Explaining the Supreme Court’s South Bay Ruling
At approximately 10:30 p.m. EST on Friday, February 5, 2021, the Supreme Court issued a fractured ruling granting in most significant part South Bay Pentecostal Church’s emergency application for a writ of injunction against Governor Newsom’s draconian shuttering of nearly all churches in California. (By “nearly all,” I mean churches for 99.9% of the population.) South Bay Pentecostal Church, a member of the United Pentecostal Church International, is a congregation led by Bishop Arthur Hodges III in San Diego County, California, that I have had the privilege of representing along with a team of attorneys for the past year. On that team, my role has been to serve as the main brief writer.
If you recognize the name “South Bay,” that is because last May we also asked the Supreme Court for relief from Governor Newsom’s shuttering of churches. Specifically, on Saturday, May 23, 2020, we submitted an emergency application to the Supreme Court over Governor Newsom’s decision to let manufacturing plants, warehouses, and retail reopen, but keep churches closed. The next Monday, May 25, 2020, Governor Newsom ordered that churches could reopen at 25% of capacity or 100 persons, whichever was fewer. And then, the next Friday, May 30, 2020, the Supreme Court declined to order further relief, ruling 5-4 that Governor Newsom’s new order was good enough for the time being.
Governor Newsom waited a few months, and then in late-August 2020, imposed his “Blueprint for a Safer Economy.” That set of regulations closed churches in most of the State, but not in San Diego County until early November 2020. Like California, New York also issued regulations shuttering churches, to which the Diocese of Brooklyn objected.
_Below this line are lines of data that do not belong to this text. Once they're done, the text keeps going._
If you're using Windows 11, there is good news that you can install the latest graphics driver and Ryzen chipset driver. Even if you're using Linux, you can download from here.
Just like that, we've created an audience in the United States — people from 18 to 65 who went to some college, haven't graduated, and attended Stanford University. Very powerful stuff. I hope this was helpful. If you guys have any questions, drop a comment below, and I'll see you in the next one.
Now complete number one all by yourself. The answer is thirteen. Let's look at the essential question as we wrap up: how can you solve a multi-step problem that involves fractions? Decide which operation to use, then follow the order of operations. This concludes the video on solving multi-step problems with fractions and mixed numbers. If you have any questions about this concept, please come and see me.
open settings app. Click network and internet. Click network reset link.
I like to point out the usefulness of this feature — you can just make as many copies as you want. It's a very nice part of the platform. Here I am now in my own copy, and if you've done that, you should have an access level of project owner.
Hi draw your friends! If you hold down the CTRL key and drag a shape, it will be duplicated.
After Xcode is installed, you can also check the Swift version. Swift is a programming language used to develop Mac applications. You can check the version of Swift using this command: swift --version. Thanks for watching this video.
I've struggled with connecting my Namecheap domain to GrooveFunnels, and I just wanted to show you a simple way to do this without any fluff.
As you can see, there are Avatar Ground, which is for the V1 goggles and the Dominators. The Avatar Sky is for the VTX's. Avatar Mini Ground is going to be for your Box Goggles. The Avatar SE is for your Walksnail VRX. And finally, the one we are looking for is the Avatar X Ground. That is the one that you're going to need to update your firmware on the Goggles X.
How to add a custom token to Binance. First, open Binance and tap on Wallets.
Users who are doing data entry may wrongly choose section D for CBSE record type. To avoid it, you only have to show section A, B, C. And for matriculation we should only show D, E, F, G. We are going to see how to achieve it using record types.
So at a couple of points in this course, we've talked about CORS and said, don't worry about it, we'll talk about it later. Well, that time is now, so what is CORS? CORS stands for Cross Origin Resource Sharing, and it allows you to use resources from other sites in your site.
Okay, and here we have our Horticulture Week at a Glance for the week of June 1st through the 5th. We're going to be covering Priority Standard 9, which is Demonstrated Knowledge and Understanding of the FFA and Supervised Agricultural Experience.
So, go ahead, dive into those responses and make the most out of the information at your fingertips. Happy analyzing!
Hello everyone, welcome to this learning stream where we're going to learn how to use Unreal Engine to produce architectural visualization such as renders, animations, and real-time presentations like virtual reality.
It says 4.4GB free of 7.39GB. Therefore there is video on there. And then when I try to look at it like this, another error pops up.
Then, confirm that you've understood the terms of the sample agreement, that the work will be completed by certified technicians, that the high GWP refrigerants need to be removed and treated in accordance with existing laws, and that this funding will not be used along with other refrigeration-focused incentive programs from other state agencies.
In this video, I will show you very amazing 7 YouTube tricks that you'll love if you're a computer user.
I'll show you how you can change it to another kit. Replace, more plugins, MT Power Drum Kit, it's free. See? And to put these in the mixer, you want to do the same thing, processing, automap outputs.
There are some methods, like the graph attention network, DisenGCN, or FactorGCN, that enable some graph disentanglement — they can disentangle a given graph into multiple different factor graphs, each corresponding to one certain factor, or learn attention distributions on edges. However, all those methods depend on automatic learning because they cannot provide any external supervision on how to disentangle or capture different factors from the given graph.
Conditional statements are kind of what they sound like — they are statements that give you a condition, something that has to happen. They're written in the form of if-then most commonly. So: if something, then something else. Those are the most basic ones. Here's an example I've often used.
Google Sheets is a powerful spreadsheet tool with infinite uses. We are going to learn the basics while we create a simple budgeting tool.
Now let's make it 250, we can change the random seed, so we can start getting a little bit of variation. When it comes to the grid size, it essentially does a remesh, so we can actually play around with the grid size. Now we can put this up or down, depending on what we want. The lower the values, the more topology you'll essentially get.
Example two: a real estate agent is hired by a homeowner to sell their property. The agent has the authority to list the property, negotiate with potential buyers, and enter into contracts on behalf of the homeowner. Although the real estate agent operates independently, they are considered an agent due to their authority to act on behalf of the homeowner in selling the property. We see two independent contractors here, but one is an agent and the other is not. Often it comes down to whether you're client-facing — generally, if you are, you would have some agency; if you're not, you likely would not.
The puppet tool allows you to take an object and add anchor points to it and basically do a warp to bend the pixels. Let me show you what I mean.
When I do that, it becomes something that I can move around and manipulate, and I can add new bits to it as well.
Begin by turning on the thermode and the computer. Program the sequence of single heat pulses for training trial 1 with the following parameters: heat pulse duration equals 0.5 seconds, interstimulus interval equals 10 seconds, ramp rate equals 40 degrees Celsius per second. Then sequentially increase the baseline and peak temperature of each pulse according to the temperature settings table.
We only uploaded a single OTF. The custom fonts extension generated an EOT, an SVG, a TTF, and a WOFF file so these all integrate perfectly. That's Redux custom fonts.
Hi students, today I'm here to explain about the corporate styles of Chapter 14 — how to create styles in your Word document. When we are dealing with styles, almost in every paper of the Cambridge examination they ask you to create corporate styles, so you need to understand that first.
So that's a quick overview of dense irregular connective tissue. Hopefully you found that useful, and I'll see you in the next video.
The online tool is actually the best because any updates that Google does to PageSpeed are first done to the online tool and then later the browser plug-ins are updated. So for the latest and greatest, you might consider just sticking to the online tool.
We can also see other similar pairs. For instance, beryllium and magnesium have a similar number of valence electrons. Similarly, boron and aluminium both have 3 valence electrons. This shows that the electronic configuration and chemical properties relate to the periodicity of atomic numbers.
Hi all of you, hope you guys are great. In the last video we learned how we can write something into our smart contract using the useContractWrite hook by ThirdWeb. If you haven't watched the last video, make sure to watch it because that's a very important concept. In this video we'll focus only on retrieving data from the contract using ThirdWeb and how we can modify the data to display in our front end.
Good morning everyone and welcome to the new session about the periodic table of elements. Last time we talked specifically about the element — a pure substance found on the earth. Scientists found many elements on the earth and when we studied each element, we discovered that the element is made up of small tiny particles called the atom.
The Diocese of Brooklyn brought a lawsuit, did not receive relief from the lower courts, and then also submitted to the Supreme Court an emergency application for a writ of injunction. The Supreme Court then issued a simple and brief majority opinion joined by five Justices.
Here, instead of a single, clear opinion, South Bay received a short order—joined by six Justices—as well as three opinions authored by various Justices and joined by other various Justices. Those three opinions explain how the Justices agree or disagree with each other, and make their case as to what a longer majority opinion should have said. The relationship of these opinions to each other are as confusing as California’s byzantine array of regulations concerning every aspect of life in the Golden State.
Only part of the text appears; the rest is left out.